** Extracted entries follows **

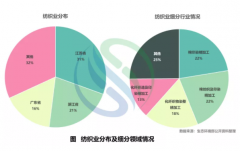 重磅！工业水污染治理行业分析系列报告发布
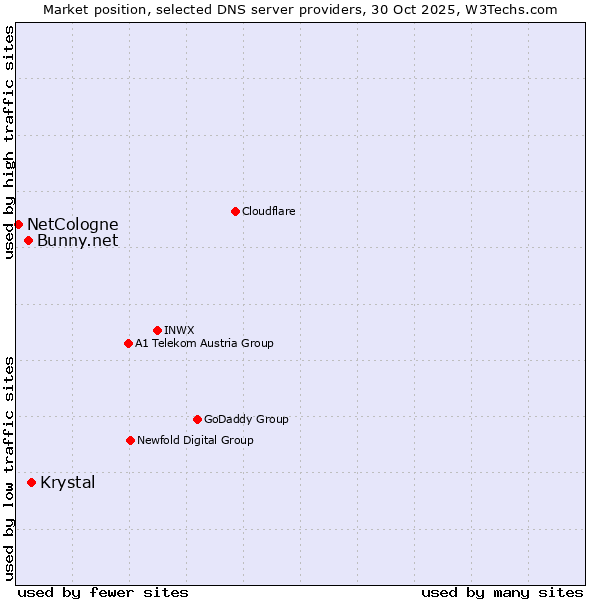 Market position of Krystal vs. Bunny.net vs. NetCologne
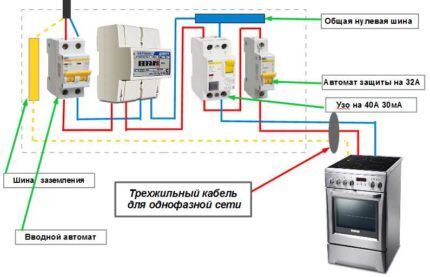 Схема подключения защитных устройств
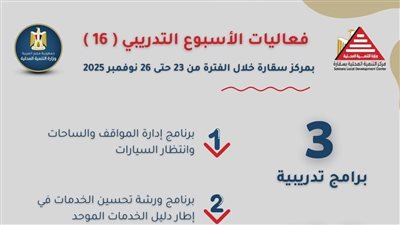 انطلاق الأسبوع السادس عشر لتدريبات سقارة 130 متدربًا يستفيدون ببرامج تطوير المحليات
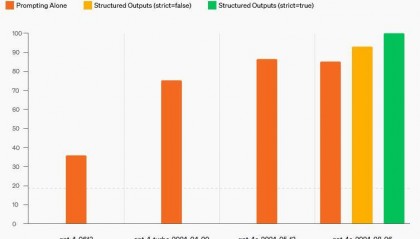 OpenAI 在 API 中引入结构化输出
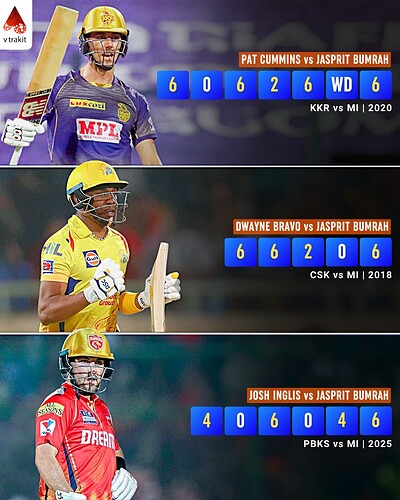 3. 20 or more runs off Jasprit Bumrah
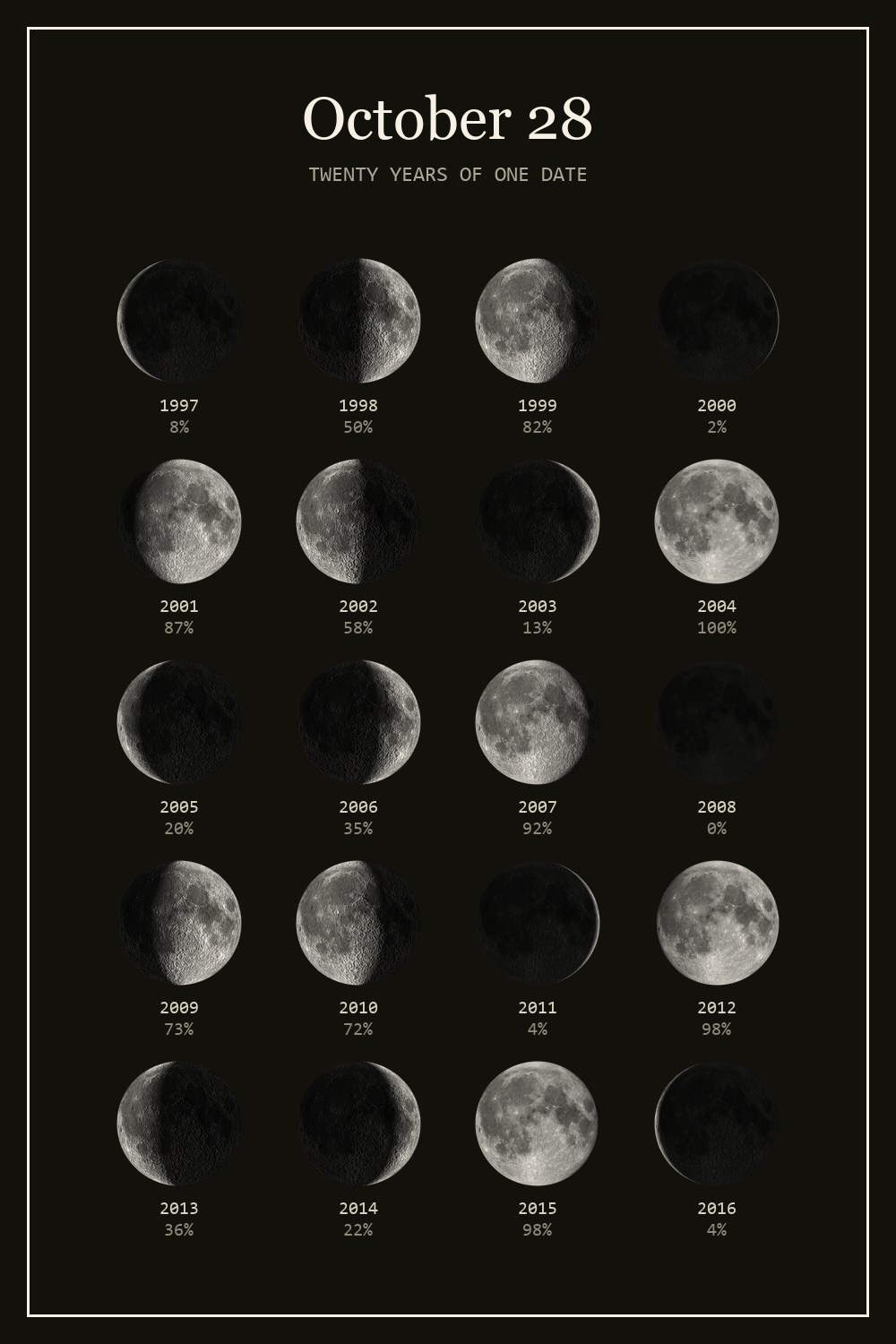 The moon on October 28 for each year from 1997 to 2016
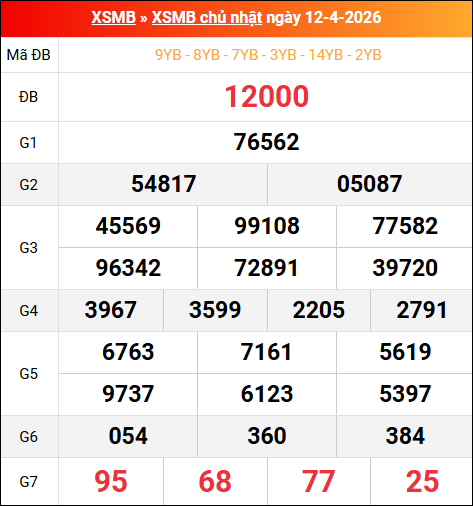Bảng kết quả xổ số miền Bắc kỳ trước ngày 12/04/2026 chi tiết nhất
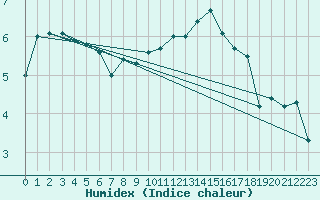 Courbe de l'humidex pour Le Touquet (62)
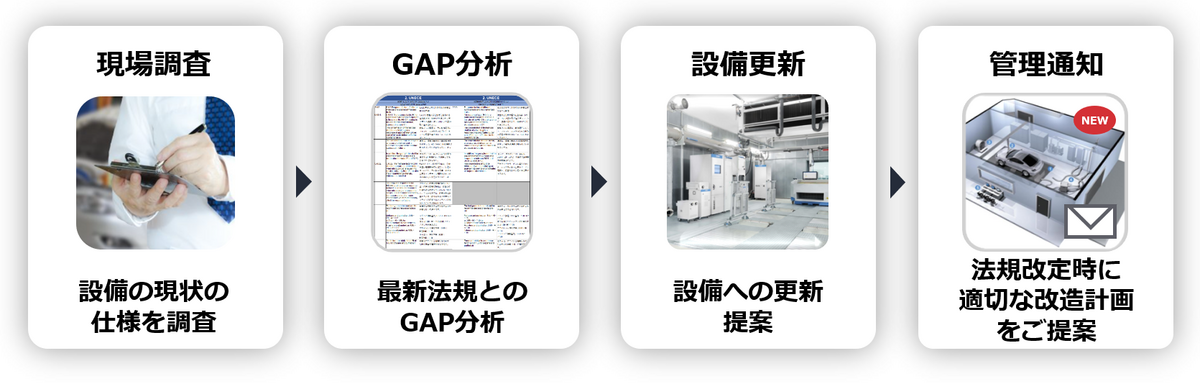 法規準拠サポート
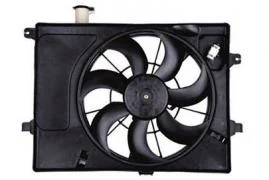Radiator fans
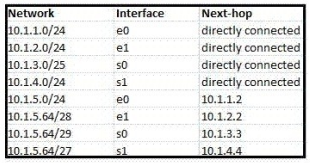 200-125 dumps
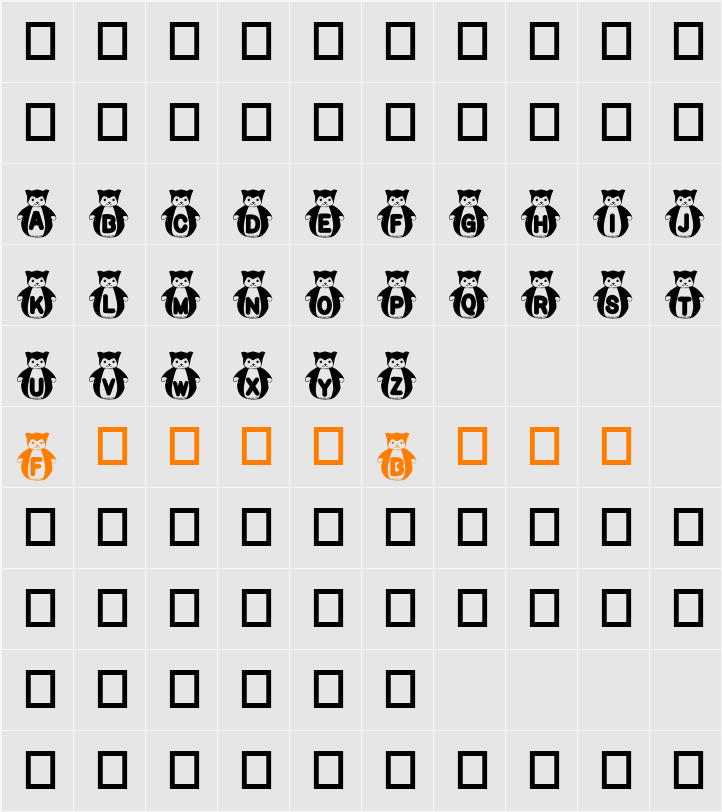 rmfatkatt Character Map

** End of Extracted entries **

▶ _Work to be completed_: Pictures excluded, print only the lines from the one with "Market position of" through the end of the entries above, exactly as written.

▶ _Exercise answer_:
 Market position of Krystal vs. Bunny.net vs. NetCologne
 Схема подключения защитных устройств
 انطلاق الأسبوع السادس عشر لتدريبات سقارة 130 متدربًا يستفيدون ببرامج تطوير المحليات
 OpenAI 在 API 中引入结构化输出
 3. 20 or more runs off Jasprit Bumrah
 The moon on October 28 for each year from 1997 to 2016
Bảng kết quả xổ số miền Bắc kỳ trước ngày 12/04/2026 chi tiết nhất
 Courbe de l'humidex pour Le Touquet (62)
 法規準拠サポート
Radiator fans
 200-125 dumps
 rmfatkatt Character Map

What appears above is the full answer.